To do the same via pipelining through standard input,

cat test-files/stack-1.csv | gocsv stack --groups "Primer Archivo,Segundo Archivo,Tercer Archivo" --group-name "Orden de Archivo" - test-files/stack-2.csv test-files/stack-3.csv
Create a Column from a Template
cat test-files/stats.csv | gocsv add -t "Row {{.index}}: {{if eq .Boolean \"T\"}}{{.Floater}}{{else}}{{.Integer}}{{end}}" -name "Integer or Floater"

Debugging

To enable debugging mode when running a gocsv command, specify the --debug command line argument to any subcommand (other than gocsv help and gocsv version).
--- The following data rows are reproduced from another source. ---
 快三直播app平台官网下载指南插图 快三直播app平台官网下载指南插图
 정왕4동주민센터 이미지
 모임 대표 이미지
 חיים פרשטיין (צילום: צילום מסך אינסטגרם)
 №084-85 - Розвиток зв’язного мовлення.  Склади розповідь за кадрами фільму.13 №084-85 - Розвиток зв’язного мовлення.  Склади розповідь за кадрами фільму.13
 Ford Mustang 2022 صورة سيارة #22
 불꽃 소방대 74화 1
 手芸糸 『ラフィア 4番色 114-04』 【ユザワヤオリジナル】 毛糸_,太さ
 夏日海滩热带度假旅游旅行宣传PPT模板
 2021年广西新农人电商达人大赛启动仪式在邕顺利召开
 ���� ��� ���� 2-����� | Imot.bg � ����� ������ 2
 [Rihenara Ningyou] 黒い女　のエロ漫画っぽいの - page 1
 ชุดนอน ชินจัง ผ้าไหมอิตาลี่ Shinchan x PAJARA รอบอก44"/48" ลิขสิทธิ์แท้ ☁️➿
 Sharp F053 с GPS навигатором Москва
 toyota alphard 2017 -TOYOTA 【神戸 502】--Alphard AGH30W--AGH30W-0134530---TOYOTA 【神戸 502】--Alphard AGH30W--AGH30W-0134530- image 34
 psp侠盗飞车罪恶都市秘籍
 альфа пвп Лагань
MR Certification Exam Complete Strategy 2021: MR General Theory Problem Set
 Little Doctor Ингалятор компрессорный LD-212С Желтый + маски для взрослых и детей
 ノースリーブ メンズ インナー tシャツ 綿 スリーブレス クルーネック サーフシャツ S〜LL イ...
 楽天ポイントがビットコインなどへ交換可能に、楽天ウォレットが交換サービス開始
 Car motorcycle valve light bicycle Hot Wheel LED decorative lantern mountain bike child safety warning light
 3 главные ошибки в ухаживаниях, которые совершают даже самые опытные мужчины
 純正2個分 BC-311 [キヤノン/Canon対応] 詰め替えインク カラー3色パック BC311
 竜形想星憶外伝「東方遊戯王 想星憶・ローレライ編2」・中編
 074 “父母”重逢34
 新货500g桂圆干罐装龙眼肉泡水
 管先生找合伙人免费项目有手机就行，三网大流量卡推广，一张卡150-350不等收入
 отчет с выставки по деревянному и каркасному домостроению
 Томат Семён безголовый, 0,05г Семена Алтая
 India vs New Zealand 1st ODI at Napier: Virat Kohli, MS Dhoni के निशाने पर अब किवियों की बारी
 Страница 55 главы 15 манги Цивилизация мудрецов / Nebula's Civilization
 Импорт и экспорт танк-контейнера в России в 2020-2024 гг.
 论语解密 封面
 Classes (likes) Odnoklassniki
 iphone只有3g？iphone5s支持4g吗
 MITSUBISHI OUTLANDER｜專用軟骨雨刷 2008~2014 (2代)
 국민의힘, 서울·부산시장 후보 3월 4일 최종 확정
Any errors will then also print out a stack trace.

Installation

For the latest pre-built binaries, cross-compiled using xgo, see the Latest Release page.

Apple OS X

Simple Version

Open a Terminal window and paste the following command:

/bin/bash <(curl -s https://raw.githubusercontent.com/aotimme/gocsv/master/scripts/install-latest-darwin-amd64.sh)

This will install gocsv at /usr/local/bin/gocsv.

Detailed Version

To install the pre-built binary for Apple OS X, download the gocsv-darwin-amd64.zip file. It should download into your ~/Downloads directory. To install it, open a Terminal window and do the following:

cd ~/Downloads
unzip gocsv-darwin-amd64.zip
mv gocsv-darwin-amd64/gocsv /usr/local/bin
rmdir gocsv-darwin-amd64

To verify that it has installed, open a new Terminal window and run

gocsv help

You should see the gocsv help message.

Linux

Installing the pre-built binary for Linux is very similar to installing the binary for Apple OS X. First, download gocsv-linux-amd64.zip. Assuming this downloads to your ~/Downloads directory, open a Terminal window and run the following commands:

cd ~/Downloads
unzip gocsv-linux-amd64.zip
mv gocsv-linux-amd64/gocsv /usr/local/bin
rmdir gocsv-linux-amd64

To verify that it has installed, open a new Terminal window and run

gocsv help

You should see the gocsv help message.

Windows

Download gocsv-windows-amd64.zip. Unzip the file and you should see a file gocsv.exe. Put that executable in the appropriate location and it should work.